• _Instructions to follow_
Search the material for the word "Trendy" and report each line where it turns up.

(Beginning of The input)

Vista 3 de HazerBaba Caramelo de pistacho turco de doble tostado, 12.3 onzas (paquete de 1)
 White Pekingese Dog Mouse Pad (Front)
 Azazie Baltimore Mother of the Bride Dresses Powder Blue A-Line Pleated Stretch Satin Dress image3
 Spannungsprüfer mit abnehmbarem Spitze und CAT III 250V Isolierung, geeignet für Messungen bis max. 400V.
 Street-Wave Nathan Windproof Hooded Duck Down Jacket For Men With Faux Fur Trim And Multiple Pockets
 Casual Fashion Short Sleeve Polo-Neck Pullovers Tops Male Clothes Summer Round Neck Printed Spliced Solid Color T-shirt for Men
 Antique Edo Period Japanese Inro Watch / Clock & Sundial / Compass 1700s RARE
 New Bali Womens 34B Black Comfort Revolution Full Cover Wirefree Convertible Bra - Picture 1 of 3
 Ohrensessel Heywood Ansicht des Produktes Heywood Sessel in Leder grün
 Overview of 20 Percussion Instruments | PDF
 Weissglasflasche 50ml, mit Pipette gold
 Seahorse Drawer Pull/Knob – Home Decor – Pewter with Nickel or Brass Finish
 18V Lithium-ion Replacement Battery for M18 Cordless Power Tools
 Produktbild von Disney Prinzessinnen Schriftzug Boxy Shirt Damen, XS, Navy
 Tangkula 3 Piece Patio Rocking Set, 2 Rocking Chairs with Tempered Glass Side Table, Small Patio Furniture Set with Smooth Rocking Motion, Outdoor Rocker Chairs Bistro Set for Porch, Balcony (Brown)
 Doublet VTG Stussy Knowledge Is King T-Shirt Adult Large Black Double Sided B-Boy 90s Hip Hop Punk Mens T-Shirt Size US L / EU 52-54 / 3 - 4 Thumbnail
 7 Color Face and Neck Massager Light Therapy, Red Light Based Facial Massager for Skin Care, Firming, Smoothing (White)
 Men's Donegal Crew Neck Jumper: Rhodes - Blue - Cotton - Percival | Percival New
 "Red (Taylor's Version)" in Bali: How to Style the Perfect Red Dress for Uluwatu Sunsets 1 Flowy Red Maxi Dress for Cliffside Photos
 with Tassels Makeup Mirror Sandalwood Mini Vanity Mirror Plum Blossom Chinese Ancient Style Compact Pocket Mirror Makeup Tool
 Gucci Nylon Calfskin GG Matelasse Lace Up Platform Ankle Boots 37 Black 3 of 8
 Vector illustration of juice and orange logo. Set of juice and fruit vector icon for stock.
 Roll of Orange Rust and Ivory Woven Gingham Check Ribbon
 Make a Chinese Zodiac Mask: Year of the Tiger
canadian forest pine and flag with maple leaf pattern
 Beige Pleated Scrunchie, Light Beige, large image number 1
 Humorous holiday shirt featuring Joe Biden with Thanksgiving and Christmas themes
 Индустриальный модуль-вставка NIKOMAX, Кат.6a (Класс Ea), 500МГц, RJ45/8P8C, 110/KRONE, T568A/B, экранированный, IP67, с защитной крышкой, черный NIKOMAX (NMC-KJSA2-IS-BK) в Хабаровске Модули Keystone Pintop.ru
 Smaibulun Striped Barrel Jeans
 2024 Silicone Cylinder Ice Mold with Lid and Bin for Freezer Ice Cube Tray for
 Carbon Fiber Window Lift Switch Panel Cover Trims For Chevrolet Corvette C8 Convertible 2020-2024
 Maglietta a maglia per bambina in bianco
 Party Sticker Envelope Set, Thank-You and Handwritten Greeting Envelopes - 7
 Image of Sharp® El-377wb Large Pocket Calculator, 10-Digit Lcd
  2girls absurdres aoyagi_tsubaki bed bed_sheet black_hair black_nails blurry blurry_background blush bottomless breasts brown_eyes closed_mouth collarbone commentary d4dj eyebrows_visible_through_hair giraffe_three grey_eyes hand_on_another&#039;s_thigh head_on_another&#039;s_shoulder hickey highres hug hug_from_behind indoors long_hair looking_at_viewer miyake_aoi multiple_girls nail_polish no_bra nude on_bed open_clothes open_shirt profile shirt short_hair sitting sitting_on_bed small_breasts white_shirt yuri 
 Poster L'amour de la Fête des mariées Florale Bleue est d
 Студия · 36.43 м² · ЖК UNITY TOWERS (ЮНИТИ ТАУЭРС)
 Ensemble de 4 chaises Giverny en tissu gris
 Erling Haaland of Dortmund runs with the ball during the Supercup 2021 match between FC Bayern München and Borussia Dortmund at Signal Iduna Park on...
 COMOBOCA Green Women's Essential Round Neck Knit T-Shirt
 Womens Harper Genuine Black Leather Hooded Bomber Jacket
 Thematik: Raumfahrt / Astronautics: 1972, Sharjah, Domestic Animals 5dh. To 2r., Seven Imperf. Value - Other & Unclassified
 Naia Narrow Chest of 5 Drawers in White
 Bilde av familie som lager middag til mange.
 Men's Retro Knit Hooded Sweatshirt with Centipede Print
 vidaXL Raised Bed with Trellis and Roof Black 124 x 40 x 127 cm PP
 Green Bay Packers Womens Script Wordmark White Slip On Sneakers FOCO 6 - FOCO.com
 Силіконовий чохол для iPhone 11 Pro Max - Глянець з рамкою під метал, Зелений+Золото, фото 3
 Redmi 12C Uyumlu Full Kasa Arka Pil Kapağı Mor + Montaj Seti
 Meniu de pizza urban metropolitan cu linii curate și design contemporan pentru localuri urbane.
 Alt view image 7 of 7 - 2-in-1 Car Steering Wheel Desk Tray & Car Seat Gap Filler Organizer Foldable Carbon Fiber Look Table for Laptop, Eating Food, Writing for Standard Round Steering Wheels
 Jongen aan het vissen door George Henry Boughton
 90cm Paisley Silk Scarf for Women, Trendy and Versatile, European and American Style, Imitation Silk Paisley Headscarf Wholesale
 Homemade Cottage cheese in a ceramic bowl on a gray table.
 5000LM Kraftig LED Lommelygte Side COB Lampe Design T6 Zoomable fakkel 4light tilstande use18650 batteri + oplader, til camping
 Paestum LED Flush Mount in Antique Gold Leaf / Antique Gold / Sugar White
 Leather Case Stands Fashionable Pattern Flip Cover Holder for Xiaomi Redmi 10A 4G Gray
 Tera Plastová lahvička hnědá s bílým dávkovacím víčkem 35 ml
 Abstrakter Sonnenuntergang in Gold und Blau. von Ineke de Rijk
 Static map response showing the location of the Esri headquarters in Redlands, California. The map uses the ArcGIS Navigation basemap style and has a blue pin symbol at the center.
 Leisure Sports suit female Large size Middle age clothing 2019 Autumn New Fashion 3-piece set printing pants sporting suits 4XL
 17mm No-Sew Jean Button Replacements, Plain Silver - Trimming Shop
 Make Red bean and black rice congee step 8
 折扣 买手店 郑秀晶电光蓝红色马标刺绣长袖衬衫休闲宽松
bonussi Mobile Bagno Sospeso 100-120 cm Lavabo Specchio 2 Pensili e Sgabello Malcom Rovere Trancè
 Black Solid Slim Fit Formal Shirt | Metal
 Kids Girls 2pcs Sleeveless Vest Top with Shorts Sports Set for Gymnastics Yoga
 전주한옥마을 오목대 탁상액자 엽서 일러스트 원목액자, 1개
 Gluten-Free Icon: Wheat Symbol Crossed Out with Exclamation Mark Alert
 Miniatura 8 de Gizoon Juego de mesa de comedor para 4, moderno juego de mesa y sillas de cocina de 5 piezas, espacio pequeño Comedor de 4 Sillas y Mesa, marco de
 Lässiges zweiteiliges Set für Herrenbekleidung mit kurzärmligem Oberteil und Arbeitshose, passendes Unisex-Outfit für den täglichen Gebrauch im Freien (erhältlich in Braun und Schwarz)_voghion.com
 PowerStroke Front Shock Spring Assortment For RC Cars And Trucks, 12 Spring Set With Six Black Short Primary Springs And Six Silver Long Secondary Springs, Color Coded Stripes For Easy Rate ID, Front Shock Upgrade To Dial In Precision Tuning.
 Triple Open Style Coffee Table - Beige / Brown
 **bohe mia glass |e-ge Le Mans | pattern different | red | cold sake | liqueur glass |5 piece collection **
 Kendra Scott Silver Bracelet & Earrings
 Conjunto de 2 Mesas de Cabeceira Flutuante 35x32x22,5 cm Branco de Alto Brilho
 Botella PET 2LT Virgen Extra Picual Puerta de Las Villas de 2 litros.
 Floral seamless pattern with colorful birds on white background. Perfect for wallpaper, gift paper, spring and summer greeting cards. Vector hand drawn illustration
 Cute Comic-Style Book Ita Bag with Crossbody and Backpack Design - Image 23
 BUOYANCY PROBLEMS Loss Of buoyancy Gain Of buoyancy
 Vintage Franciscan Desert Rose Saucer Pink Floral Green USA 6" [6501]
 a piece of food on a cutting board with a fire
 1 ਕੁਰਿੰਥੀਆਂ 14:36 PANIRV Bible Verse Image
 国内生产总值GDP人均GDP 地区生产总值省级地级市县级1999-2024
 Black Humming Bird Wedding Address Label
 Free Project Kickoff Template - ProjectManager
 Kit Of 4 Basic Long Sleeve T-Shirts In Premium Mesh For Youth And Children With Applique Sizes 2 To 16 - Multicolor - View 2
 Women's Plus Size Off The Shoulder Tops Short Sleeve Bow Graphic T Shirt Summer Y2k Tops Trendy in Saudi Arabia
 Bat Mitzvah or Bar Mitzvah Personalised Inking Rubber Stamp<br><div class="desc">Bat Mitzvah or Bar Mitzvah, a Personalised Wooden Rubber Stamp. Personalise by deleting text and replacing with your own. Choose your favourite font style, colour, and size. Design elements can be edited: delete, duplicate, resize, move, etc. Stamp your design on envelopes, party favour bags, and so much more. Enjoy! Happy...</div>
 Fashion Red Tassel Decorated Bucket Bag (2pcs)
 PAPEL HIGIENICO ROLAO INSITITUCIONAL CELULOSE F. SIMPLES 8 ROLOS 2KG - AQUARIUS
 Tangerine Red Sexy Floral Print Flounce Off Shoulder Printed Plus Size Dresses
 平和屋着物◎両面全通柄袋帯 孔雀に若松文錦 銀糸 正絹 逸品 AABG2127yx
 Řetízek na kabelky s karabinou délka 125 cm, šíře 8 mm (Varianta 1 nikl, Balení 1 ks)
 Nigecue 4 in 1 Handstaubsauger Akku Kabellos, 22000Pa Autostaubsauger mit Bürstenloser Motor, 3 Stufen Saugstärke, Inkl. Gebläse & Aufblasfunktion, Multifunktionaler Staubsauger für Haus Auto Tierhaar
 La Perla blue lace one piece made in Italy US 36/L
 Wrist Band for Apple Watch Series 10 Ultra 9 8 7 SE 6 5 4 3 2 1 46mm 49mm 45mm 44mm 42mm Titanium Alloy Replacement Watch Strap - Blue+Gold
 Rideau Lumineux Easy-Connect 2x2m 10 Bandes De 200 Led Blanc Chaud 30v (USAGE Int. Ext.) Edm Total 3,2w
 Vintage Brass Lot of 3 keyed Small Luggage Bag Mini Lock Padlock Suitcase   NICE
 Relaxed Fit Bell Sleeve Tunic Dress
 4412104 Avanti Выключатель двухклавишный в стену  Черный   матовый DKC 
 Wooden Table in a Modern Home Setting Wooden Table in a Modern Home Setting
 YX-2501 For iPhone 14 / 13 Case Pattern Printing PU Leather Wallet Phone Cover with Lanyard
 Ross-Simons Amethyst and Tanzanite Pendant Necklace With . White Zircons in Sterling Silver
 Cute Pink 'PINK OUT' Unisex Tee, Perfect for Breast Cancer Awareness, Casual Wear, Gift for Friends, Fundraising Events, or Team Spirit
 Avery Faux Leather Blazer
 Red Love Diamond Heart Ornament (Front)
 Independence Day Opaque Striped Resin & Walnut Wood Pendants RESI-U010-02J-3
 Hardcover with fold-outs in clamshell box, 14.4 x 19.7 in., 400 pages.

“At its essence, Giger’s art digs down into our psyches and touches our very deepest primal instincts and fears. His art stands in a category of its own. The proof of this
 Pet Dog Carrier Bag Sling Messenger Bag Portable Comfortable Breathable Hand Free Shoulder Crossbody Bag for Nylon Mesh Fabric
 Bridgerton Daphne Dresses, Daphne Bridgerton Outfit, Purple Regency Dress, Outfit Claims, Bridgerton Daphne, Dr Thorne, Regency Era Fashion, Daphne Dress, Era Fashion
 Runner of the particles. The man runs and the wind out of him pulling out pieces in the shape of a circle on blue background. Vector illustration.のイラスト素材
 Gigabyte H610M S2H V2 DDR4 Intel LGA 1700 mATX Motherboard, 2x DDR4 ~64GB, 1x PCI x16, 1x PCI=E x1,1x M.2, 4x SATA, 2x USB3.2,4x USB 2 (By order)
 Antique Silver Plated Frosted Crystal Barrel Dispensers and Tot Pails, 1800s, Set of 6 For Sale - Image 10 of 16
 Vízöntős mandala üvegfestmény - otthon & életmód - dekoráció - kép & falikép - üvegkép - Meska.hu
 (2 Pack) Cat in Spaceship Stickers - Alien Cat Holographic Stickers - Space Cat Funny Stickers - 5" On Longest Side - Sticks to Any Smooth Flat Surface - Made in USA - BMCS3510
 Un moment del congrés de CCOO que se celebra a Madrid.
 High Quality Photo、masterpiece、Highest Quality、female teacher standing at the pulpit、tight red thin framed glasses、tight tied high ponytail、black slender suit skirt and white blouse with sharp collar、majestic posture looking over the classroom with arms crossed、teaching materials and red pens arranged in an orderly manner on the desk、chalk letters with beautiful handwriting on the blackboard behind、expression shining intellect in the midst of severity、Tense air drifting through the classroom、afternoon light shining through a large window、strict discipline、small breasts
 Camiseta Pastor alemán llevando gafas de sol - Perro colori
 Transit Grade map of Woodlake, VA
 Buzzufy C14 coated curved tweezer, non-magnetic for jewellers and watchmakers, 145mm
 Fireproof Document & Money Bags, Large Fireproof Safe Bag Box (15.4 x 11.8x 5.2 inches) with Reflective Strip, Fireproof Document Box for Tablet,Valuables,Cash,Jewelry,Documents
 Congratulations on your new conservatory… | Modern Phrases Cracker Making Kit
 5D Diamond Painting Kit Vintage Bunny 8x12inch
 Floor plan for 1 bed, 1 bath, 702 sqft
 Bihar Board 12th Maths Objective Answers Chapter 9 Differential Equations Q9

(End of The input)

• _Reply to the exercise_
 90cm Paisley Silk Scarf for Women, Trendy and Versatile, European and American Style, Imitation Silk Paisley Headscarf Wholesale
 Women's Plus Size Off The Shoulder Tops Short Sleeve Bow Graphic T Shirt Summer Y2k Tops Trendy in Saudi Arabia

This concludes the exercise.